On Sunday, I am pure sea garbage, but I vow to see Brian Wilson do Pet Sounds, and I am glad I did. Again I find the oldest people at Primavera Sound and feel extremely comfortable among them. There are also a lot of kids there to see Brian Wilson with their parents. Brian Wilson hits me at the perfect moment in my homesickness cycle. I look out at the ocean as the sun starts to set while Wilson plays his very reasonably early time slot at 7, and — California girl that I am — I feel just like I'm back home again. The Mediterranean is warmer and bluer than the Pacific, a perfect cartoon of a beautiful seascape, glistening in the sinking sun. But I know I am still in Europe because the ambient saltwater smell is always tinged with nasty cigarette smoke, which would never fly in California.

Maybe I'm tired and emotional or maybe it's just because every song on Pet Sounds is perfect, but I tear up cathartically through a good portion of Wilson’s set. The great thing about crying at music festivals is that nobody cares because everyone just thinks you're on drugs. There’s something very freeing about crying out your emotions in front of total strangers with whom you’re sharing a group experience, and this is especially easy to pull off when your name is already Molly.

Watching a sailboat on the horizon of the sparkling Mediterranean while Brian Wilson and his excellent band play "Sloop John B" with nothing but my own brain's chemistry at work (and, OK, fine, a little bit of weed from newfound beach friends I met earlier in the day) feels transcendent. I can’t imagine a better festival experience. Wilson's voice still sounds exactly like it did when he recorded the album five decades ago, and I feel a distinctly strong urge to hug Brian Wilson and tell him everything will be OK.
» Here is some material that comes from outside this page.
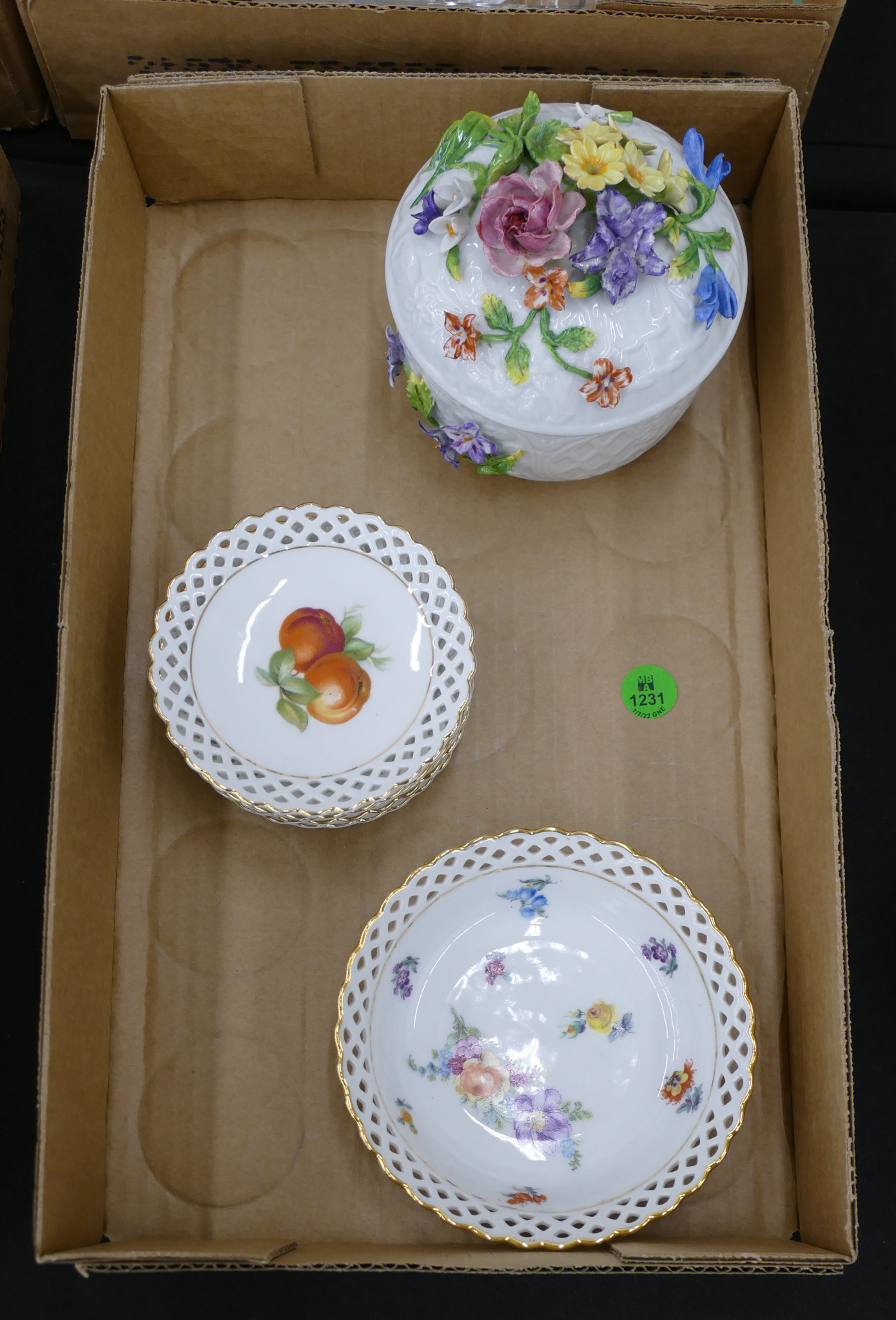 Box Schumann Dresden Floral Porcelain 2b0f95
After closing the Pet Sounds session with "Caroline, No," Wilson and his band launch into a medley of Beach Boys songs and random '60s hits. The group includes original Beach Boy Al Jardine and Jardine's son, and the harmony singers flawlessly cover the parts originated by other Beach Boys and the villain Mike Love. For reasons I will never fully understand but for which I will be forever grateful, they unexpectedly cover Bobby "Boris" Pickett's "Monster Mash." And guess what? It was a smash.